Benjamin Van Horne has built a handsome, eco-friendly house in Irving Park that he hopes to sell for $699,900. But he’d really rather be building homes about ten miles south of the site, in Woodlawn.

That’s where Van Horne’s firm, Greenline Development, was building during the boom years—and where I first found its work, in 2009. “My company is called Greenline because I wanted to build in neighborhoods that were once redlined,” Van Horne says. “Woodlawn and the South Side in general represent an opportunity to create the best that our urban spaces can be. There’s a chance for true diversity there, not just racial diversity, but economic diversity, diversity of age groups.”

He started out ten years ago with a derelict apartment building at 6647-53 S. Maryland that he acquired by paying the back taxes and then rehabbing it into 24 condominiums that sold for between $115,000 and $149,000. As the bust hit, he found he couldn’t sell his last three units, and converted them to rentals.

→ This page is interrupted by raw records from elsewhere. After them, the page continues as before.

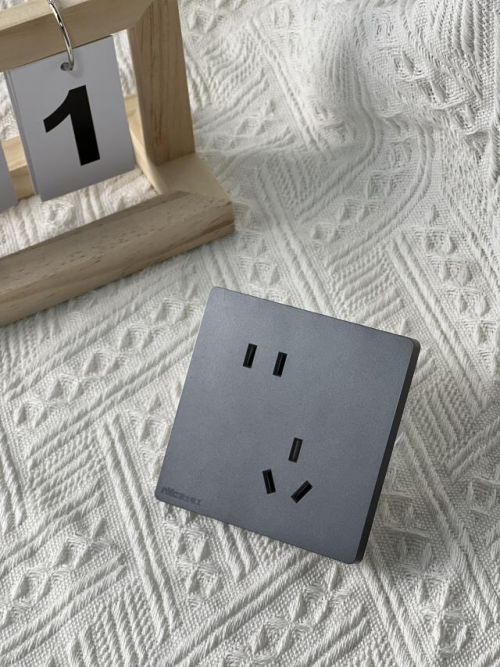 開學(xué)事故高發(fā)季 NVC雷士電工守護(hù)校園用電安全
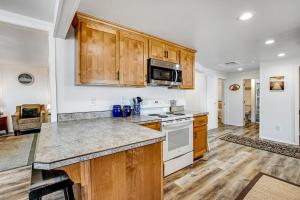 Fishermans Dream Boat House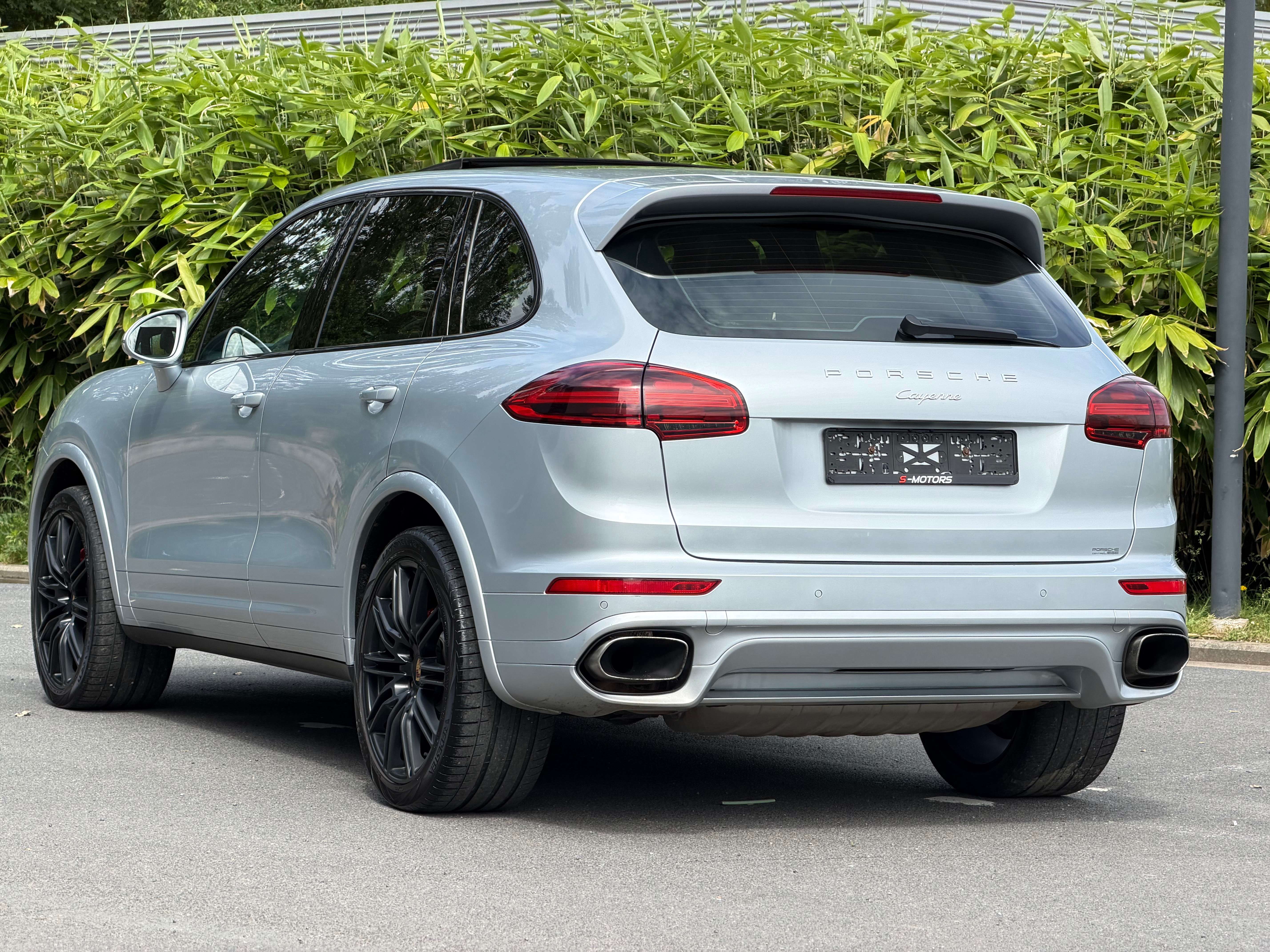 Porsche Cayenne RÉSERVÉ !!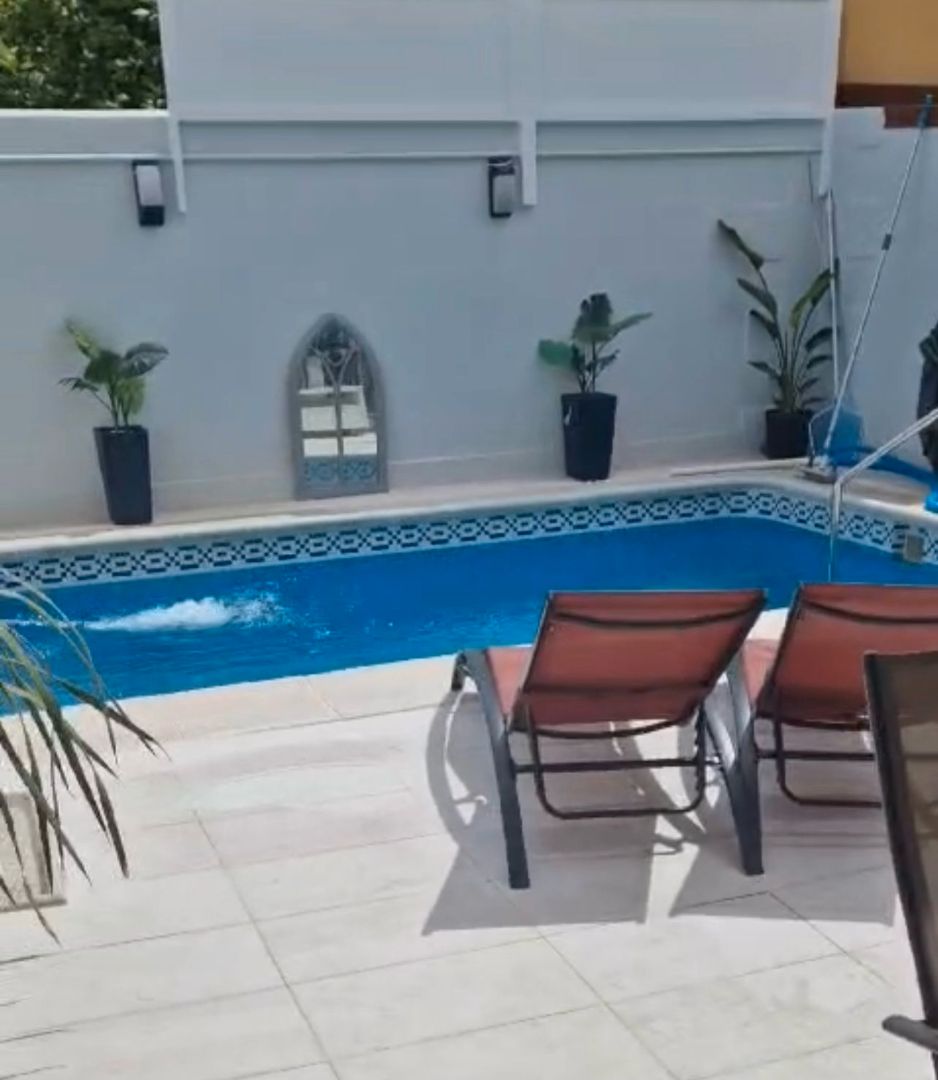 Piscina de Casa adosada en venda en  Córdoba Capital amb Aire condicionat, Terrassa i Piscina
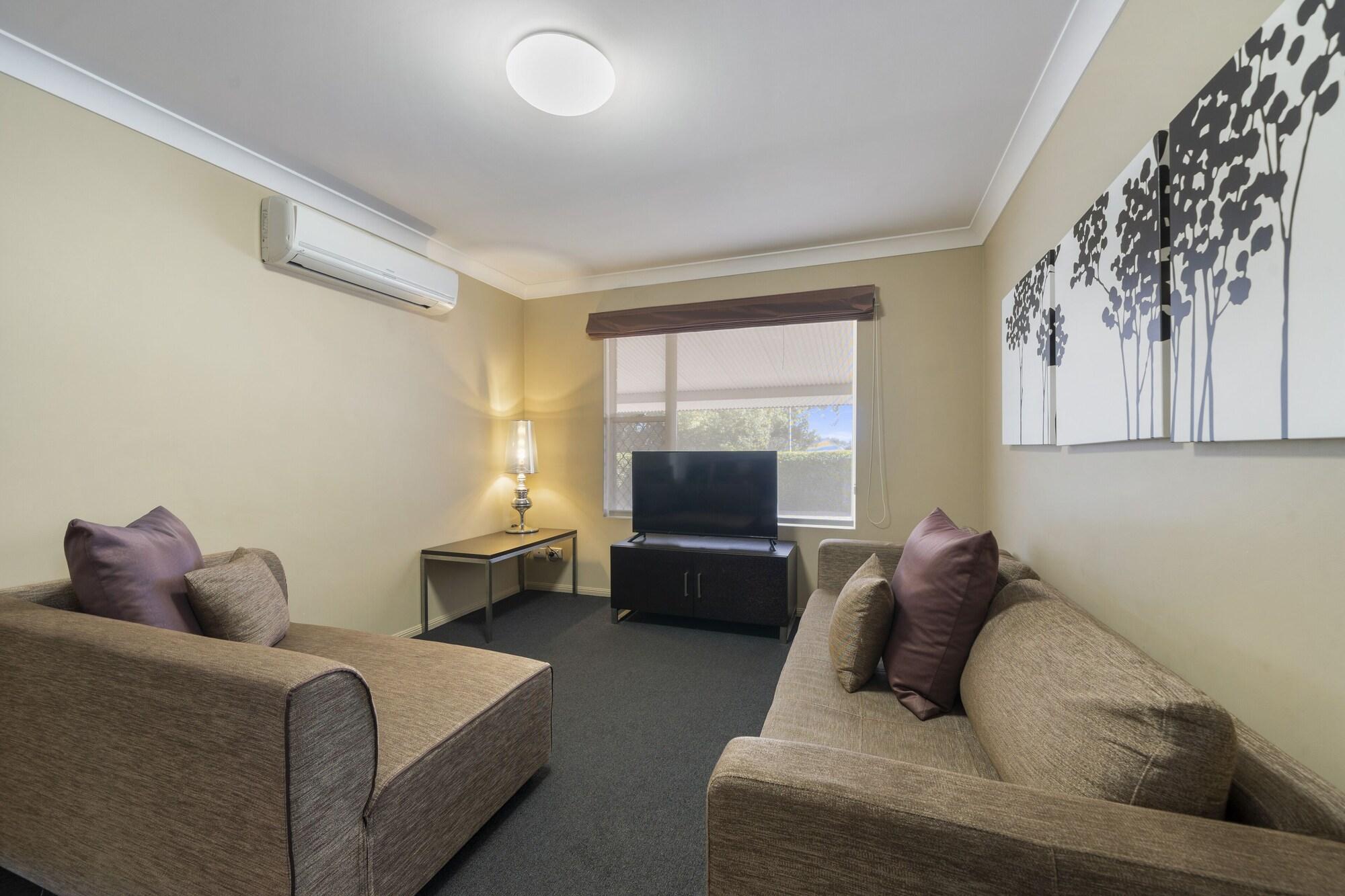 Ambassador On Ruthven Motel Toowoomba Dış mekan fotoğraf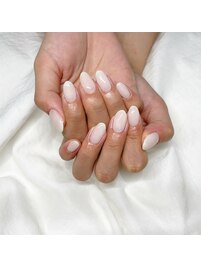 ちゅるんホワイトネイル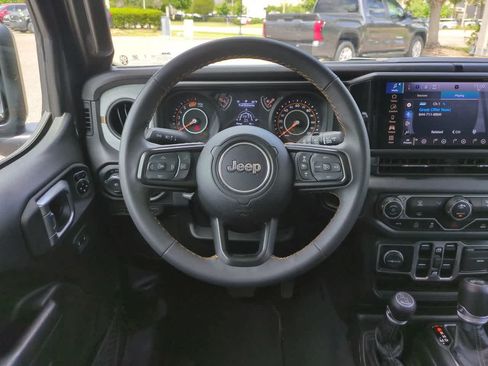 Used 2024 Jeep Wrangler Unlimited Sport AWD/4WD image 15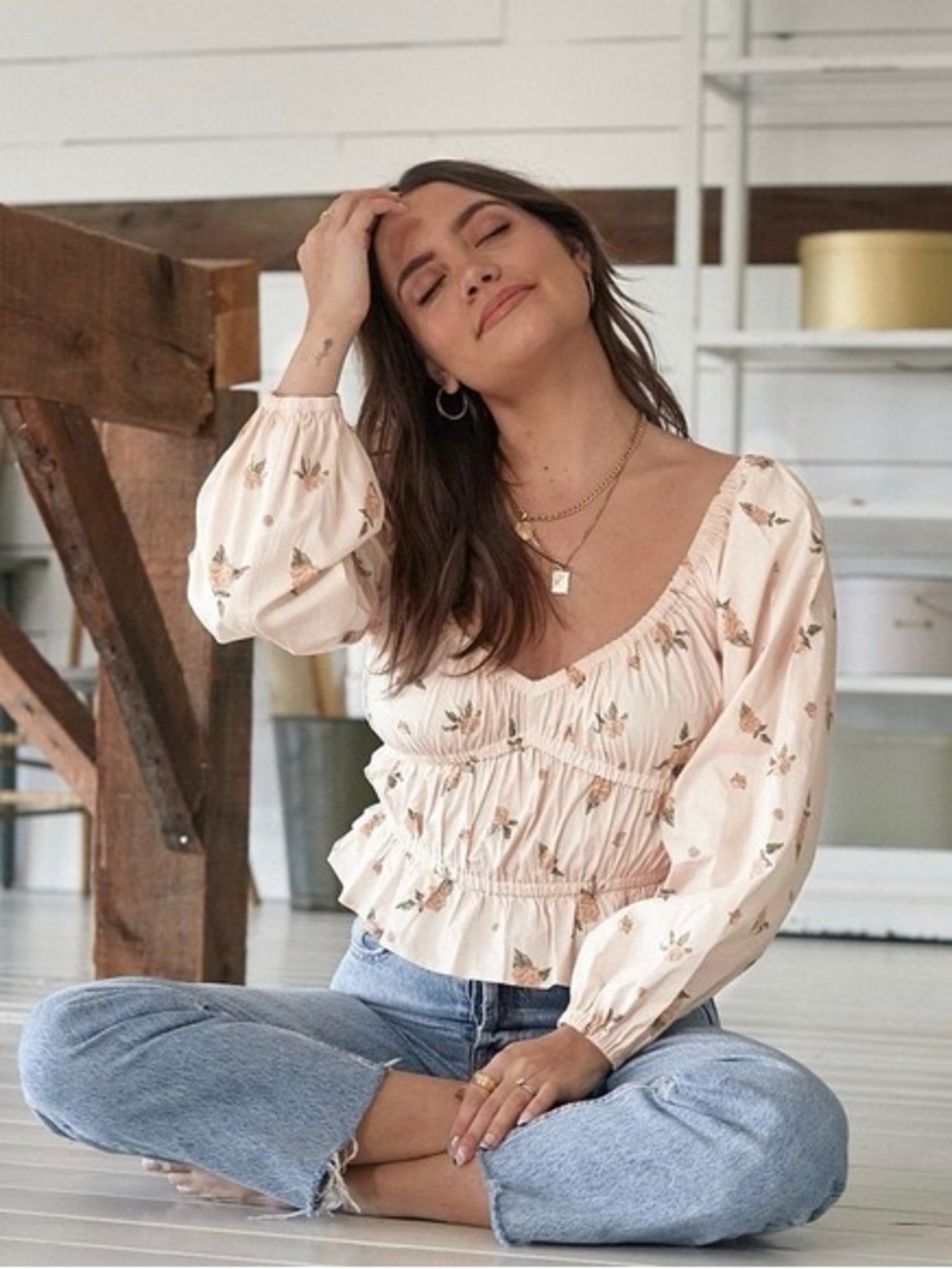 🌷BACKYARD ROSES JENNY LONG SLEEVE CROP TOP🌷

The bust hit Woodlawn hard: last April, our charts showed that home values in 2012 were more than 83 percent off from 2006, one of the city’s worst collapses. It soon became impossible to get funding to build in Woodlawn, Van Horne says, and building wouldn’t have made much sense anyway: “Home values were down below replacement value,” he says. “If you could build something, it wouldn’t be worth what it cost you to build.”

Van Horne switched to working on custom homes, rehabs and other projects on the easier-to-fund North Side, and began investigating what would go into a highly sustainable home. Last November, Greenline and partner MK Construction bought a rundown workers cottage in Irving Park. In October, they completed a four-bedroom home with an array of sustainable building techniques, from a layer of foam outside the foundation to insulated, tightly sealed windows and door frames. The wall insulation is made of recycled newspaper, the wood finishes are certified sustainable grown by the Forest Stewardship Council, and the heating and cooling systems were carefully engineered to minimize resource use.

It’s also a nice-looking house, from the big windows on the front through to the stylish kitchen. Van Horne was clearly proud as he showed me around the house last week.

“My heart is in Woodlawn,” he said. He’s been trying for three years to, as developers like to say, “put deals together,” but nothing has gotten completed. A townhouse development in North Kenwood may soon roll forward. Van Horne believes his track record in the pre-bust years shows he can “produce a product that is higher quality and more durable, and better for the neighborhood and its inhabitants,” but “the money to do it isn’t there.”

Others have been trying to help Woodlawn come back, too. Last week, the affordable housing group POAH unveiled the second chunk of its Woodlawn Park, a three-block revitalization of the once-troubled Grove Parc Plaza. The project benefited from $30.5 million in U.S. Department of Housing and Urban Development funds. The University of Chicago has visibly tried to be a better neighbor with Woodlawn, which lies to its south.

And Robust Coffee has become a vital neighborhood center in an area where coffee houses aren’t anywhere as plentiful as they are in affluent North Side neighborhoods.

Van Horne makes it clear he wants to be part of that revival. Standing in the pretty kitchen of the Irving Park house last week, he told me, “I want to get back to work in Woodlawn, for sure.”